We report the results of the Knight shift by ${}^{63,65}\mathrm{Cu}$-NMR measurements on single-layered copper-oxide ${\mathrm{Bi}}_2{\mathrm{Sr}}_{2-x}{\mathrm{La}}_x{\mathrm{CuO}}_{6+\delta }$ conducted under very high magnetic fields up to 44 T. The magnetic field suppresses superconductivity completely, and the pseudogap ground state is revealed. The ${}^{63}\mathrm{Cu}$-NMR Knight shift shows that there remains a finite density of states at the Fermi level in the zero-temperature limit, which indicates that the pseudogap ground state is a metallic state with a finite volume of Fermi surface. The residual density of states in the pseudogap ground state decreases with decreasing doping (increasing $x$) but remains quite large even at the vicinity of the magnetically ordered phase of $x\ge 0.8$, which suggests that the density of states plunges to zero upon approaching the Mott insulating phase.

Figure 1

$T$ dependence of the ${}^{63}\mathrm{Cu}$ Knight shift ($H\parallel c$) for $x=0.40$ measured under different magnetic fields. The solid and dotted arrows indicate the pseudogap temperature $T^{*}$ and superconducting $T_c$ ($H=7\mathrm{T}$), respectively. The dotted line is a guide to the eye.

Figure 2

$T$ dependence of $K_c$ for $0.0\le x\le 0.75$. The open symbols are results measured at 9 T. The closed symbols are taken at different fields as follows: 30 (for all $x\ge 0.15$), 21.7 (for $x=0.65$ and 0.75), and 44 T (for $x=0.40$).
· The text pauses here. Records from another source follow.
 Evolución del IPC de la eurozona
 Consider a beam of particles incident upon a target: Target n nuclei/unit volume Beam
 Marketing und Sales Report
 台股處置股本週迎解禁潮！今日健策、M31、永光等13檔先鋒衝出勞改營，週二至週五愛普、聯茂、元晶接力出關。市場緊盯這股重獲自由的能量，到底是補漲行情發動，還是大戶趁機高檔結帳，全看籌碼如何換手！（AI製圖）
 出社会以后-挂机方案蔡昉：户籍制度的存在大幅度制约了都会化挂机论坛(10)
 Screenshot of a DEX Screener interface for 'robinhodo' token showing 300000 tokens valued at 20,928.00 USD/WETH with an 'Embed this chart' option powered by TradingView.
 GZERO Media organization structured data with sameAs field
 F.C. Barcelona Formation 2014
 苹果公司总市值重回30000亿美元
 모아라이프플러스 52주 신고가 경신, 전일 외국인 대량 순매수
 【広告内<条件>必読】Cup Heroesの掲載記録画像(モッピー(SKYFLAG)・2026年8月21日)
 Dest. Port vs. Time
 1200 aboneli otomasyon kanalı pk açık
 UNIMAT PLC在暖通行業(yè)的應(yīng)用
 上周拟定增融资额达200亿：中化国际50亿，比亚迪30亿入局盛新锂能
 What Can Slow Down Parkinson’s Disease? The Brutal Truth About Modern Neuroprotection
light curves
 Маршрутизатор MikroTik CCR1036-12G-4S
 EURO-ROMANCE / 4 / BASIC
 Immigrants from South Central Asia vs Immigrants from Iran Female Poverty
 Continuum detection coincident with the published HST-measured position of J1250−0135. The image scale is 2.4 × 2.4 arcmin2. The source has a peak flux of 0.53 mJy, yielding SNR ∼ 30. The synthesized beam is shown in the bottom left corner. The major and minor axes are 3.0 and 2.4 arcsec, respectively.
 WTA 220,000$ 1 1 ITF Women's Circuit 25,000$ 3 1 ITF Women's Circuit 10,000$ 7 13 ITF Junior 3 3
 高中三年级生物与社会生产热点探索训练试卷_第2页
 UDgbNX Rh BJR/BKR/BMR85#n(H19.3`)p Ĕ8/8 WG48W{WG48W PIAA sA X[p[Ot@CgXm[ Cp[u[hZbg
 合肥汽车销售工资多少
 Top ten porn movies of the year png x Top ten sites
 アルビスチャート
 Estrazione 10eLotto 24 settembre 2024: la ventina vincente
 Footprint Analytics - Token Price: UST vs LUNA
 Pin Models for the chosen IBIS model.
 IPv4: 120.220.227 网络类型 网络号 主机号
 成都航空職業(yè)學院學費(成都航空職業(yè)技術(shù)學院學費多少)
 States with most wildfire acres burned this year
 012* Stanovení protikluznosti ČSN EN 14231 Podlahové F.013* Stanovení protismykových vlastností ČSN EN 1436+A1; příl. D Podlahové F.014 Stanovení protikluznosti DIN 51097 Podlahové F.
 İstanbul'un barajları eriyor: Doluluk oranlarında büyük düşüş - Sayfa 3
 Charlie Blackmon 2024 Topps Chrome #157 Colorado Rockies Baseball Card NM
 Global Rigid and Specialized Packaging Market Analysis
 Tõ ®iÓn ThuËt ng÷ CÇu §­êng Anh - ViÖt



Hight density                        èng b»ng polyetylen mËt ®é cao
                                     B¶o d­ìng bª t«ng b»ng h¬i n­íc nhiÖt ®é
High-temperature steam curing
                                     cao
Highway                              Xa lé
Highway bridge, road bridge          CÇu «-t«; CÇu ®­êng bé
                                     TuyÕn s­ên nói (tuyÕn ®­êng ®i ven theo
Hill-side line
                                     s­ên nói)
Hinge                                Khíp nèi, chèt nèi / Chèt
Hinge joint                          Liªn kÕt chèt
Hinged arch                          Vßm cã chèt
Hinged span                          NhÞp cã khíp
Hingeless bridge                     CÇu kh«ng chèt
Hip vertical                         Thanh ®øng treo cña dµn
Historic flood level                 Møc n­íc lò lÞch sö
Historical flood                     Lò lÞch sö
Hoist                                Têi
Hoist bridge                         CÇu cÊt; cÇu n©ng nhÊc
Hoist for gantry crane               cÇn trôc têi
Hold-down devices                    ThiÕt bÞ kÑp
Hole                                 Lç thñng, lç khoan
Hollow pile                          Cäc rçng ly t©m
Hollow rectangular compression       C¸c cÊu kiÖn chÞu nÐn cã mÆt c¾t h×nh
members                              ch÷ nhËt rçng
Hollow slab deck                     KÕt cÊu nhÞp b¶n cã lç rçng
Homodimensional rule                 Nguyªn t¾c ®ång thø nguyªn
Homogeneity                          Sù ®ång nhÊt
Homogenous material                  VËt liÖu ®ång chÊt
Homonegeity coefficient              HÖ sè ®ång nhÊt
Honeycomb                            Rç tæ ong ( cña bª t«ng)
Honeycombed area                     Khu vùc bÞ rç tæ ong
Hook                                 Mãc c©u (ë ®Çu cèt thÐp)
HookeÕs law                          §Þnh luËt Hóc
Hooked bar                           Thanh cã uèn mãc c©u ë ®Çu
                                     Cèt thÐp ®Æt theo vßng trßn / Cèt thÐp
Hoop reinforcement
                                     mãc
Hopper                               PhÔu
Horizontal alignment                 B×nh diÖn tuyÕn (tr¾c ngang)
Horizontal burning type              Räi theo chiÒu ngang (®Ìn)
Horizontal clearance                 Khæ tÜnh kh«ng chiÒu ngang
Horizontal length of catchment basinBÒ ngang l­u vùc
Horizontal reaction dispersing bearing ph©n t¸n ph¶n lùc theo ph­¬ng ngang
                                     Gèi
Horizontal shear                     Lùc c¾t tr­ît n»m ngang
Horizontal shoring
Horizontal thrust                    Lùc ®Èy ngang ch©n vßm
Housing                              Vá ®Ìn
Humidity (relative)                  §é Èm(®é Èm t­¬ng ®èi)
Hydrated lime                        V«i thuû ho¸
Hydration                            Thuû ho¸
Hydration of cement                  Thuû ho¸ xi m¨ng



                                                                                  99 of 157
The solid arrows indicate the pseudogap temperature $T^{*}$. The dotted lines are guides to the eye. The dotted arrow indicates the value of $K_{\mathrm{orb}}$ (see text).

Figure 3

Field dependence of $K_c$ and $K_c-K_{\mathrm{dia}}$ for $x=0.40$. The dotted and solid curves are fittings assuming $K_c(H)-K_{\mathrm{dia}}\propto \sqrt{H}$ in the absence of impurity scattering and $K_c(H)-K_{\mathrm{dia}}\propto \frac{H}{H_{c2}}\ln (\frac{H_0}{H})$ in the presence of impurity scattering, respectively.

Figure 4

(a) $T$ dependences of $I(T)\times T$ for $x=0.75$, 0.80, and 0.90, respectively. The data are normalized by the value at high temperatures. The dotted line is a guide to the eye. The arrows indicate $T_N$. (b) Zero-field ${}^{63,65}\mathrm{Cu}$-NMR spectrum above and below $T_N$ for $x=0.90$. The solid curve is a fit to a model described in the text.

Figure 5

The upper panel shows characteristic temperatures vs $1-x$ ($\propto \mathrm{\text{hole}}$ concentration). For $x=0.90$ and 0.80, no superconductivity occurs (open squares). The open circles are taken from Refs. 4, 29. The lower panel shows the hole-concentration dependence of relative DOS at $T=0$.